I emphatically resent the minority leader's misrepresentation of Senator MUSKIE's position on these crucial issues, it is a calculated, cynical example of partisan politicking of the worst variety.


I think it grossly diminishes what heretofore has been a bipartisan and apolitical expression of support for Israel's right to survival, a right which Senator MUSKIE has vigorously defended.


Mr. KYROS. Mr. Speaker, I thank my most able colleague, the gentleman from Illinois. From my experience here I would say that he is exceedingly knowledgeable and capable of understanding the problems of the Middle East. He has often expressed his views on the floor of the House, and is a gentleman to whom many people look when trying to understand the difficult problems in that part of the world. I am delighted to have the gentleman's help in putting this matter in perspective.


Mr. WOLFF. Mr. Speaker, will the gentleman yield?


Mr.
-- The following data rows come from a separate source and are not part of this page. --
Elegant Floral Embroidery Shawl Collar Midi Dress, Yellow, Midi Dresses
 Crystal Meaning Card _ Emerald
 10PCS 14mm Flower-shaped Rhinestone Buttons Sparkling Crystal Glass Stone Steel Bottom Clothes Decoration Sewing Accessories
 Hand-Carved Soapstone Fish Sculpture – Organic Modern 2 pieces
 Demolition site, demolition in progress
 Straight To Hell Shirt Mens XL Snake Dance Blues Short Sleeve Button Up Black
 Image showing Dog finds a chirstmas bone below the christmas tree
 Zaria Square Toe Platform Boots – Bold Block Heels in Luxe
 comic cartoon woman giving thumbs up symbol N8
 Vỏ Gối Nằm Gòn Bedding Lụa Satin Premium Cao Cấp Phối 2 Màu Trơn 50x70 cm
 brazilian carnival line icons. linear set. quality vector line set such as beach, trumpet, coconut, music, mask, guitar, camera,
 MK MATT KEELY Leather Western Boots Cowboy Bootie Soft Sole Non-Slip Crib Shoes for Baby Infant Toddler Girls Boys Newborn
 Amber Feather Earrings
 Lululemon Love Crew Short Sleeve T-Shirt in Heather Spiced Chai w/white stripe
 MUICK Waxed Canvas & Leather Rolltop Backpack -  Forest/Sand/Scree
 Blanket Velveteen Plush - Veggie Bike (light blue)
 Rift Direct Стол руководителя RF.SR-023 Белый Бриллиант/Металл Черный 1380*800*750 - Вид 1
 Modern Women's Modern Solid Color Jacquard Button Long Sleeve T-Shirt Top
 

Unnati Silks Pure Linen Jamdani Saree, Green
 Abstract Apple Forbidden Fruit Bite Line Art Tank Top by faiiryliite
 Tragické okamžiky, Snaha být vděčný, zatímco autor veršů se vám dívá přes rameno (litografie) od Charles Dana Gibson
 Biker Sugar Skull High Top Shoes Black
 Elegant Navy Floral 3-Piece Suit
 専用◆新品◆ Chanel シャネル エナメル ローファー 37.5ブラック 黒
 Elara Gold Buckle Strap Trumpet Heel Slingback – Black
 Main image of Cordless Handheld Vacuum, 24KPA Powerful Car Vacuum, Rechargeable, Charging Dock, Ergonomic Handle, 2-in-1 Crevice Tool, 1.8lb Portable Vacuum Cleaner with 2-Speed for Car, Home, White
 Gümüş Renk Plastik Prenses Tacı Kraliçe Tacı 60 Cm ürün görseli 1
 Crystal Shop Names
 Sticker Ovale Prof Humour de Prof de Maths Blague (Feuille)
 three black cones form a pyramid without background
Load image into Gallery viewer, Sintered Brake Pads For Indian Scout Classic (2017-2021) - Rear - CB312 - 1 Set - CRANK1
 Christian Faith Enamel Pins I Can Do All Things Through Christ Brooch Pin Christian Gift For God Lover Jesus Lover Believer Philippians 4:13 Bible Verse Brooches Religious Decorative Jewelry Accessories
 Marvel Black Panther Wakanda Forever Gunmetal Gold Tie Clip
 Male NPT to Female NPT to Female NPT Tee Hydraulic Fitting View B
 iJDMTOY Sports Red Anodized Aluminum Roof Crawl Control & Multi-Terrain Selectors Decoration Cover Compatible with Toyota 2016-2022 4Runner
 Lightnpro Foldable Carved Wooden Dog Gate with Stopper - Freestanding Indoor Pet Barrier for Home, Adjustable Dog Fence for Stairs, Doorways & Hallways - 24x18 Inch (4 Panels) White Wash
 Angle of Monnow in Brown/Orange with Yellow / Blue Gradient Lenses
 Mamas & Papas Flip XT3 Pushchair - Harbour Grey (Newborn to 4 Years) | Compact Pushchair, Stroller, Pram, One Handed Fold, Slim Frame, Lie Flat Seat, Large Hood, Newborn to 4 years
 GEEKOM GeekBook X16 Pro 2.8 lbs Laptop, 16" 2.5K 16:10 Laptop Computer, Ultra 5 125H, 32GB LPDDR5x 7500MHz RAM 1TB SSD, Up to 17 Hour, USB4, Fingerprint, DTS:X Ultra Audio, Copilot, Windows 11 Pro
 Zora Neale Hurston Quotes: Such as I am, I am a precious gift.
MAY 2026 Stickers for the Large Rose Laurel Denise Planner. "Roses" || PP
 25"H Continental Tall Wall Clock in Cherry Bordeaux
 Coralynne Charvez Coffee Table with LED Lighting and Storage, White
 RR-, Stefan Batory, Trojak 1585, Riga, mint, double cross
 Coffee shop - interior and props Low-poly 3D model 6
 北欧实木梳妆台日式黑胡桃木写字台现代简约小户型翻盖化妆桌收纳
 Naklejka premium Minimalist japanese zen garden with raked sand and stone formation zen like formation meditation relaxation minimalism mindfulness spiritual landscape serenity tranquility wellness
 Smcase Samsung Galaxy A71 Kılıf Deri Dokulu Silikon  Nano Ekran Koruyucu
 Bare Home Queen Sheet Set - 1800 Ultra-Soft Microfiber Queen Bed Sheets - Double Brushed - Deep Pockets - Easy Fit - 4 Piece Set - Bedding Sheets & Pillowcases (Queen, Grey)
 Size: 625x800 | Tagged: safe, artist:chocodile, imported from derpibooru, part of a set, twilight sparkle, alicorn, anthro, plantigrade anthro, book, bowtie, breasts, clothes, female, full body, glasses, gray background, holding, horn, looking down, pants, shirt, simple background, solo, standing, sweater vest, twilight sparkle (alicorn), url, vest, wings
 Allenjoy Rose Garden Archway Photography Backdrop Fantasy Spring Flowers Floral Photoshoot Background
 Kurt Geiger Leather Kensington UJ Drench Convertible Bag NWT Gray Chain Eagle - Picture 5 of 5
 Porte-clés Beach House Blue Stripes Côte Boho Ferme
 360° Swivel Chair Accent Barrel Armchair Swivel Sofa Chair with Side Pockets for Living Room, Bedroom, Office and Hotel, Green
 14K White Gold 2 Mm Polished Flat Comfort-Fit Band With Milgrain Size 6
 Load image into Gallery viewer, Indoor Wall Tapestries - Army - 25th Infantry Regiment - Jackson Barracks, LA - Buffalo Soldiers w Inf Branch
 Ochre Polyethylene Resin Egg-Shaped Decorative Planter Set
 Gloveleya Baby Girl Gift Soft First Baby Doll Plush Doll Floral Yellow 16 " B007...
KYROS. I yield to the gentleman.


Mr. WOLFF. Mr. Speaker, I appreciate this opportunity to comment briefly on the remarks made by Mr. FORD. I was present at the time the minority leader made the statements that he did, and I speak now as a member of the Committee on Foreign Affairs and the Near East Subcommittee.


Having just returned from Israel and knowing the high regard that the people of Israel hold for Senator MUSKIE, I want to communicate that to the Members of the House and to repudiate the statements made by the minority leader. I am sorry to see a question with such serious implications being injected into this very tragic situation that exists in the Middle East. Politics really have no place in an area where we are trying to smother the flames that could engulf the entire world. I feel that it is important that the minority leader be informed as to the true nature not only of Mr. MUSKIE's feelings, but also of the statement that he has made. I personally have had experience talking to Mr. MUSKIE about the Middle East and can vouch for his strong convictions and support for Israel – not for the Jewish vote, but because of the fact he feels, as I have understood Mr. FORD has stated in past remarks, that we must support Israel because, to put it in Mr. FORD's words, the security of the United States is tied to Israel and Israel's security is tied to the United States.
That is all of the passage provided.